Information shown:
○ ○ ○ ○ ○ ○ ○

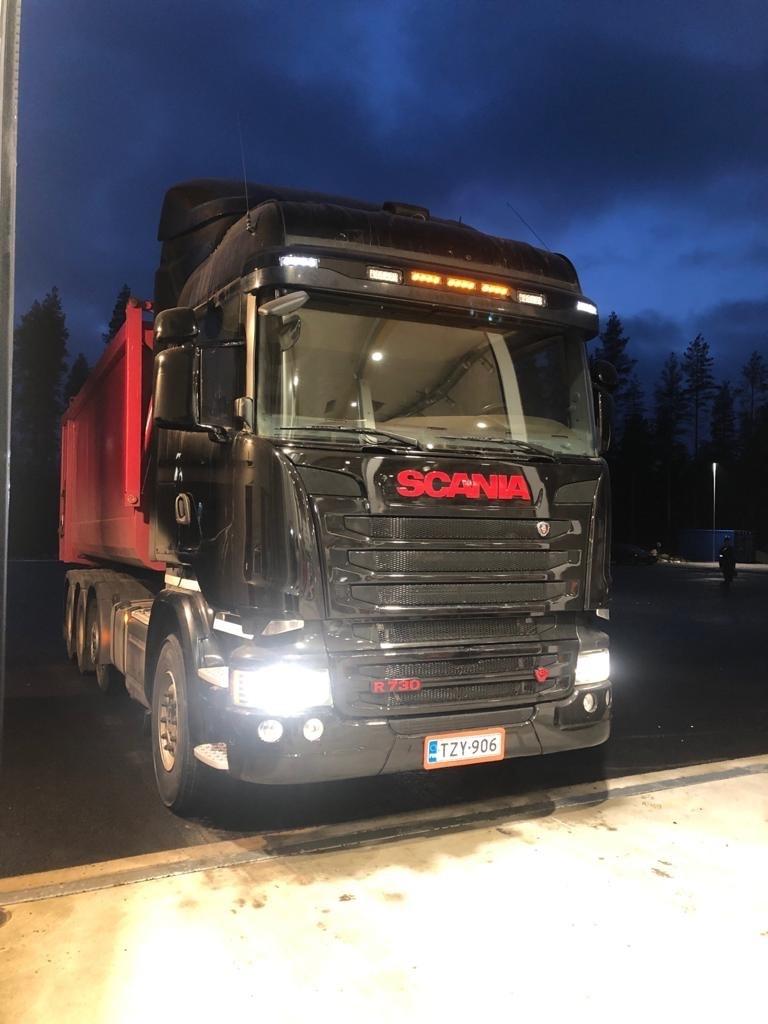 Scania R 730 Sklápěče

○ ○ ○ ○ ○ ○ ○

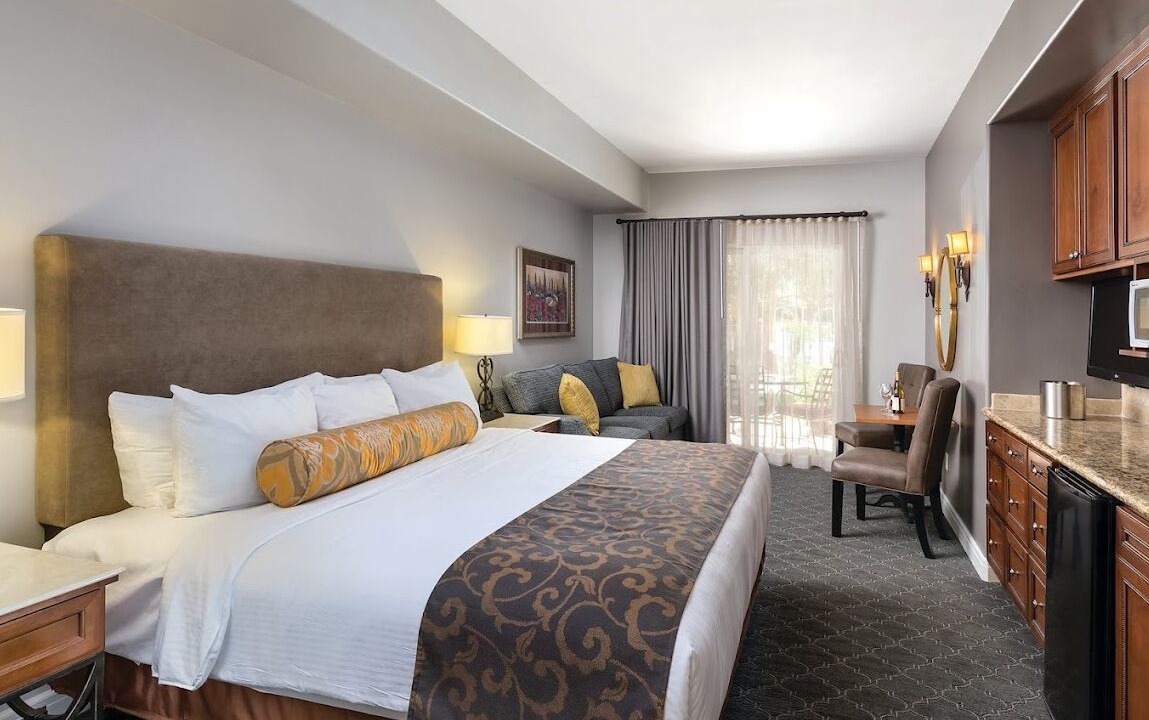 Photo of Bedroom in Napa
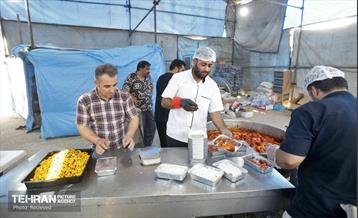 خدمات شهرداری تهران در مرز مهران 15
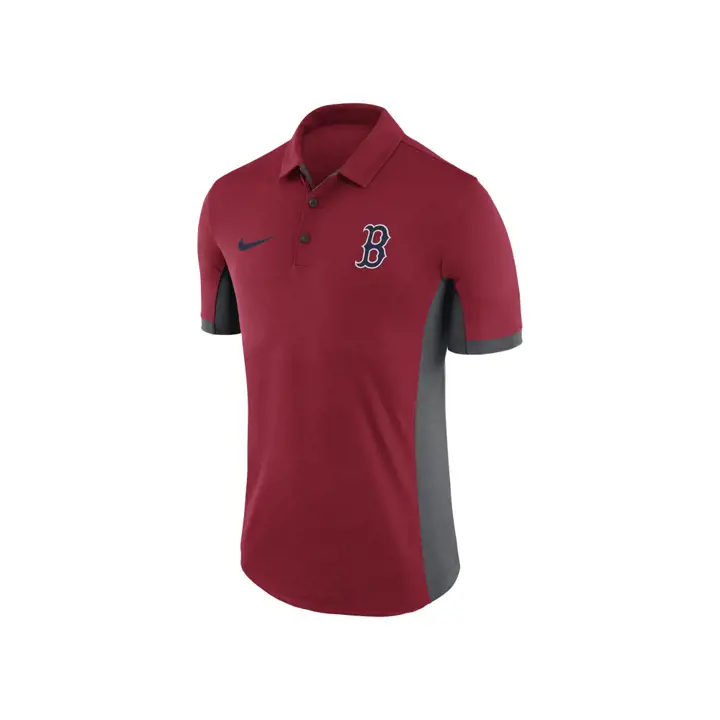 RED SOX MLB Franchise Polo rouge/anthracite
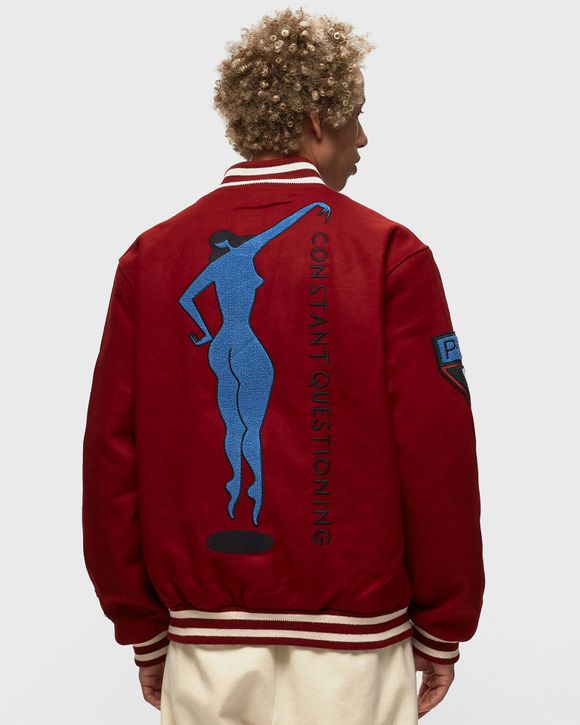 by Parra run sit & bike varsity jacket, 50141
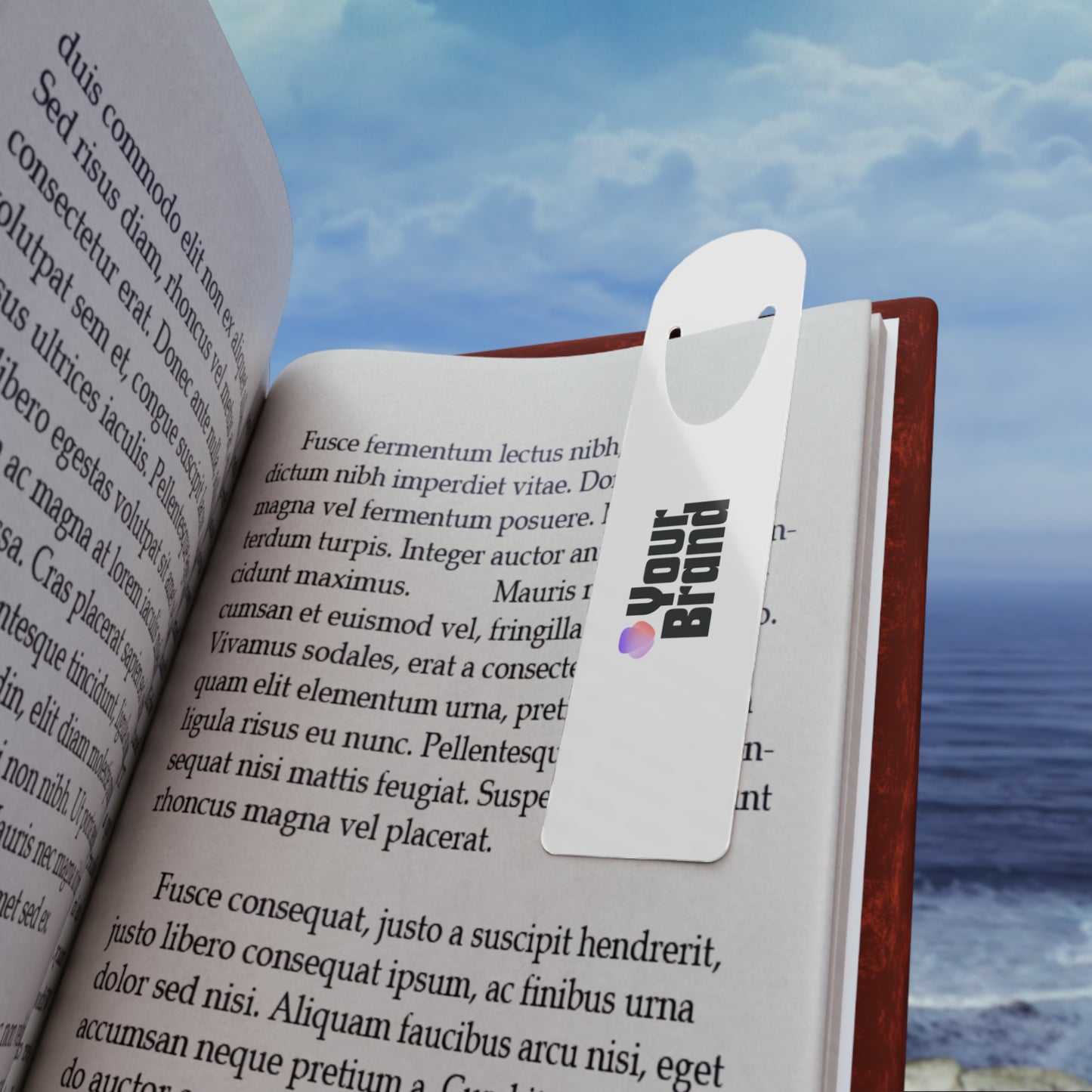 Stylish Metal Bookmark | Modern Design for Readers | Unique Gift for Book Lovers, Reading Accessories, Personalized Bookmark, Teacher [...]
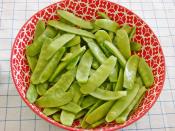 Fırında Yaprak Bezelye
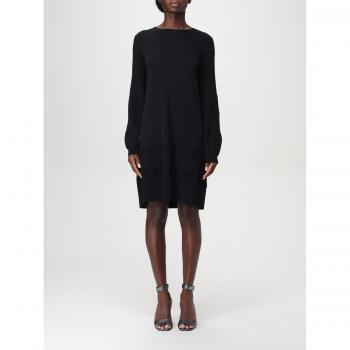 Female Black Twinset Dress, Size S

○ ○ ○ ○ ○ ○ ○

Directions:
Everything above from the line containing "RED SOX MLB Franchise Polo rouge/anthracite" down to the line containing "Female Black Twinset Dress, Size S" is to be duplicated exactly, both lines included, and the pictures are to be omitted.

Response to the task:
 RED SOX MLB Franchise Polo rouge/anthracite
 by Parra run sit & bike varsity jacket, 50141
 Stylish Metal Bookmark | Modern Design for Readers | Unique Gift for Book Lovers, Reading Accessories, Personalized Bookmark, Teacher [...]
 Fırında Yaprak Bezelye
 Female Black Twinset Dress, Size S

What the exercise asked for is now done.